How to Repot (Step-by-Step)
- Choose a pot that’s at least twice as big as the one you’re replacing.
- Fill the new pot halfway with fresh soil.
- Remove the Cebu Blue Pothos from the old container and gently shake off any excess dirt from its roots.
- Place the plant in the center of the new container and fill in around it with fresh soil.
- Water thoroughly until water drains from the bottom of the pot.
- Place your pothos plant in a location that gets plenty of indirect light, such as near a window or on a patio.
Propagating Cebu Blue Pothos by Cuttings (Step-by-Step)
Cebu Blue Pothos can be propagated by taking cuttings from the stems.
- Cut a stem with at least three leaves on it.
- Remove any leaves that are damaged or discolored.
- Place the cuttings in water until they develop roots, usually within two weeks. Once rooted, plant them in the soil or keep growing them in water.
- Remember to replace the water regularly if you’re planning on growing Pothos in water long-term.
You can also propagate exclusively by soil without needing a water-growing medium. The in-depth Propagation process is explained here.
Related: How to Propagate Pothos Plants
Flowering is rare in these houseplants, but it can happen. If you’re lucky enough to have a Pothos plant bloom, enjoy the show!
Try not to be disappointed if your plant doesn’t flower often.
Cebu Blue Pothos is toxic to both dogs and cats. If you have pets that are likely to nibble on your plants, take precautions. Homes with pets are usually not a good option for these plants.
NOTE: This page is not intended as a substitute for veterinary advice. The toxicity of an ingested substance varies depending on the amount ingested, the animal’s weight, and its sensitivity to specific allergens. Contact your veterinarian or local animal poison control center immediately if you think your pet may have ingested a toxic substance.
Mealybugs are sap-sucking insects that can cause leaves to shrivel, making it look like they’re dying. If you have mealybugs on your plant, gently wipe them off with a cotton swab dipped in rubbing alcohol. This should kill the bugs and get rid of most of the mealybug eggs.
Scale insects are tiny, hard-shelled creatures that suck the sap from your plant and cause yellowing leaves, small black spots on the leaves, and stunted growth. You can treat them by applying rubbing alcohol or soapy water directly to their bodies.
Fungus Gnats are a common pest of Pothos plants. The adults are small flies with black bodies and two white stripes on the wings. These insects lay eggs in the soil, which hatch into larvae that feed on plant roots. To prevent fungus gnat infestations, keep your soil on the dry side to starve out the larvae.

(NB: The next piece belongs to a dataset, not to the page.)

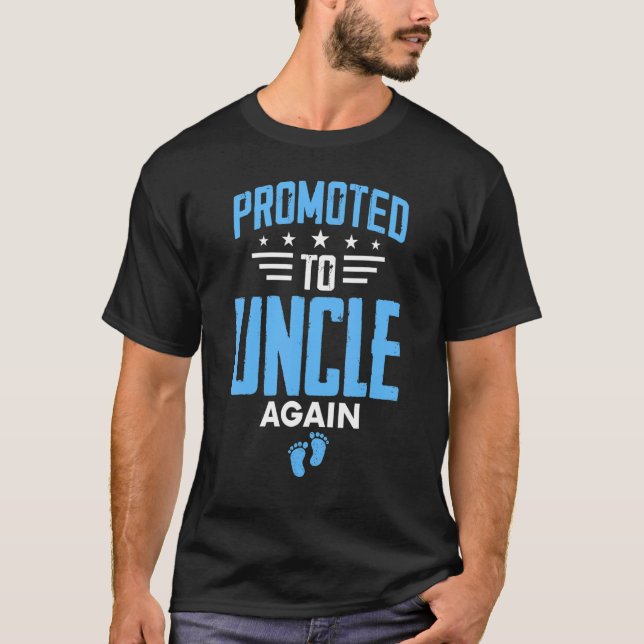 Camiseta Awesome Promoted To Uncle Again Pregnancy Announce (Frente)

A wide variety of problems can cause yellowing leaves. If you notice new growth is yellow and stunted, this could be the result of improper watering, too much humidity, or overexposure to sunlight. Take into account your plant’s unique condition and adjust your care routine accordingly.

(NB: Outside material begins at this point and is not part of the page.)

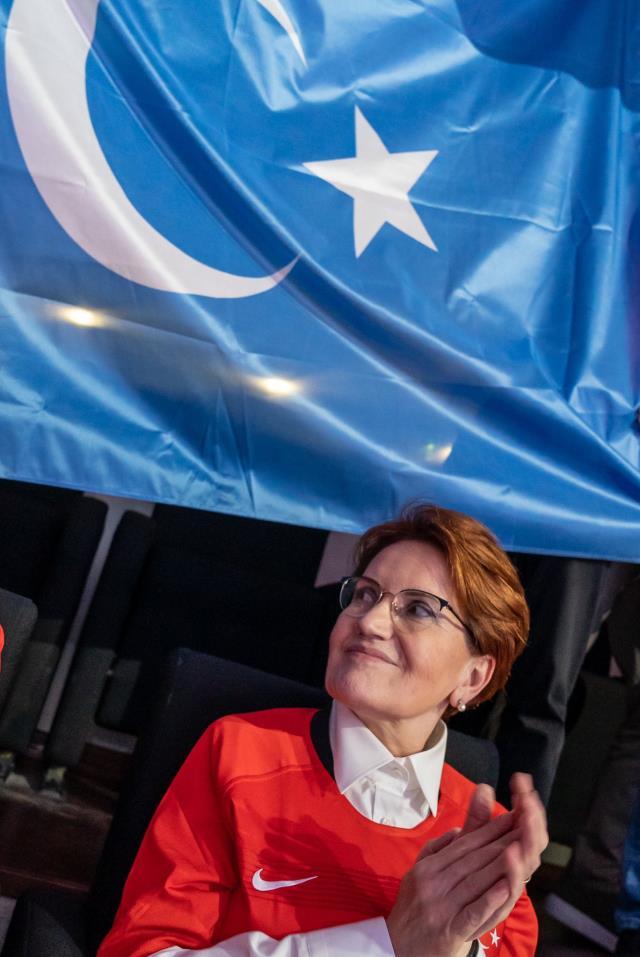 Milli maça damga vuran olay! Meral Akşener ve beraberindeler Doğu Türkistan bayrağı açarak Çin'i protesto etti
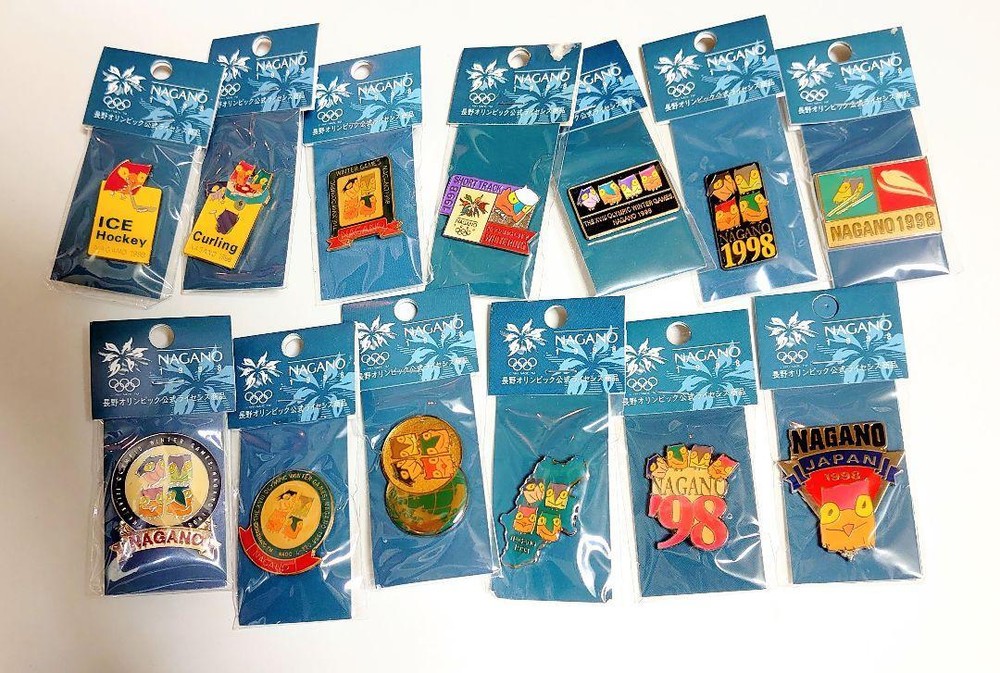 Nagano Olympics Officially Licensed Product Pin Badge 13 Piece Set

If your plant’s leaves are shriveling, it could be experiencing a water shortage. If you’ve recently repotted or transplanted it, this is especially likely. Give your plant a good soak and wait for about a day for the leaves to recover.
Both low light and too much fertilizer can cause stunted growth or slow growth. If kept in a dark and shady environment, move your plant somewhere brighter but not in the way of direct sunlight. Don’t fertilize more than once a month to prevent the oversaturation of nutrients in the soil.